O deputado estadual Alexandre Freitas (NOVO-RJ) protocolou nesta quinta-feira, 13/5, na Alerj um projeto de lei regulamentando as formalidades necessárias para a realização de operações policiais no estado do Rio de Janeiro. A lei estabelece que as instituições policiais não precisarão informar prévia ou posteriormente as operações a nenhum outro órgão, instituição ou Poder.

Atualmente as operações policiais em comunidades do estado estão sujeitas à comunicação prévia ao Ministério Público por decisão do ministro do STF Edson Fachin.

Segundo o projeto de lei, será de atribuição exclusiva da instituição policial responsável pela operação a elaboração prévia do respectivo protocolo operacional, bem como a avaliação da utilização de aeronaves, blindados e qualquer equipamento necessário para o bom desempenho da missão e salvaguarda dos agentes envolvidos.

A proposição prevê que a instituição policial deve armazenar o protocolo operacional em meio idôneo, capaz de comprovar a sua elaboração prévia à operação. Os protocolos devem ser levados em consideração pelo Ministério Público no exercício do controle externo e constar nos procedimentos instaurados em decorrência da operação é que a observância ao protocolo operacional serve como presunção da legalidade dos atos praticados no curso da respectiva operação.

Na justificativa do projeto, o deputado afirma que o objetivo da noma é garantir às instituições policiais o exercício regular de suas atribuições constitucionais, que possuem como atribuição principal o combate à criminalidade, e que, por diversas vezes, se faz necessária a utilização de um grande aparato bélico para cumprir os objetivos.

Como é sabido por todos, a criminalidade violenta do Estado do Rio de Janeiro exerce domínio territorial em diversas comunidades, quando os órgãos de persecução penal precisam entrar nestas comunidades, necessário a entrada dos órgãos estatais com um forte aparato bélico. As estruturas utilizadas nas operações policiais são dimensionadas por seus executores, únicas pessoas que possuem condições, ante o caso concreto, de avaliar os números de agentes e equipamentos que garantirão, primeiramente, a mínima segurança dos policiais envolvidos e para potencializar a efetividade da missão”, afirma.

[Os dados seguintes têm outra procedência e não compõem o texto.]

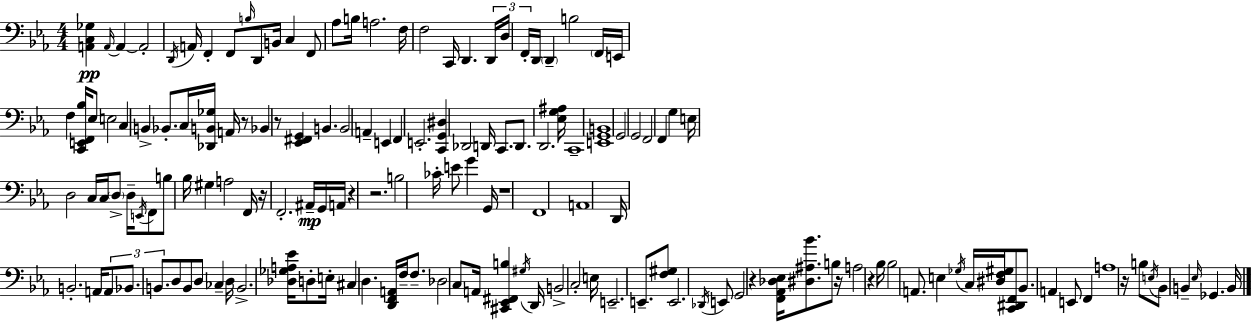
X:1
T:Untitled
M:4/4
L:1/4
K:Cm
[A,,C,_G,] A,,/4 A,, A,,2 D,,/4 A,,/4 F,, F,,/2 B,/4 D,,/2 B,,/4 C, F,,/2 _A,/2 B,/4 A,2 F,/4 F,2 C,,/4 D,, D,,/4 D,/4 F,,/4 D,,/4 D,, B,2 F,,/4 E,,/4 F, [C,,E,,F,,_B,]/4 _E,/2 E,2 C, B,, _B,,/2 C,/4 [_D,,B,,_G,]/4 A,,/4 z/2 _B,, z/2 [_E,,^F,,G,,] B,, B,,2 A,, E,, F,, E,,2 [C,,G,,^D,] _D,,2 D,,/4 C,,/2 D,,/2 D,,2 [_E,G,^A,]/4 C,,4 [E,,G,,B,,]4 G,,2 G,,2 F,,2 F,, G, E,/4 D,2 C,/4 C,/4 D,/2 D,/4 E,,/4 F,,/2 B,/2 _B,/4 ^G, A,2 F,,/4 z/4 F,,2 ^A,,/4 G,,/4 A,,/4 z z2 B,2 _C/4 E/2 G G,,/4 z4 F,,4 A,,4 D,,/4 B,,2 A,,/4 A,,/2 _B,,/2 B,,/2 D,/2 B,,/2 D,/2 _C, D,/4 B,,2 [_D,_G,A,_E]/4 D,/2 E,/4 ^C, D, [D,,F,,A,,]/4 F,/4 F,/2 _D,2 C,/2 A,,/4 [^C,,_E,,^F,,B,] ^G,/4 D,,/4 B,,2 C,2 E,/4 E,,2 E,,/2 [F,^G,]/2 E,,2 _D,,/4 E,,/2 G,,2 z [F,,_A,,_D,_E,]/4 [^D,^A,_B]/2 B,/2 z/4 A,2 z _B,/4 _B,2 A,,/2 E, _G,/4 C,/4 [^D,F,^G,]/4 [C,,^D,,F,,]/2 _B,,/2 A,, E,,/2 F,, A,4 z/4 B,/2 E,/4 _B,,/2 B,, _E,/4 _G,, B,,/4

O parlamentar acrescenta que as instituições polícias são formadas por diversos profissionais competentes e com vasta experiência operacional, não havendo razões, técnicas ou legais, para que as operações policiais fiquem submetidas ao crivo de órgãos que não possuem condições para avaliar o seu planejamento.

Alexandre Freitas afirma ainda que todas as informações sobre as operações policiais são divulgadas quando submetidos ao judiciário, com prévio conhecimento do Ministério Público, e que estão fundamentadas em procedimentos formais, não havendo possibilidade de ocorrência de grandes operações sem documentação apta a apurar posteriormente possíveis irregularidades.

Uma vez feito o protocolo operacional, os policiais estão vinculados aos seus ditames, tendo em conta, que, em tese, no protocolo estão as diretrizes a serem seguidas para que a respectiva operação policial tenha êxito. Sendo assim, o cumprimento do protocolo resguarda, inicialmente, o policial quanto a legalidade dos atos praticados na operação para dar cumprimento aos objetivos operacionais”, conclui.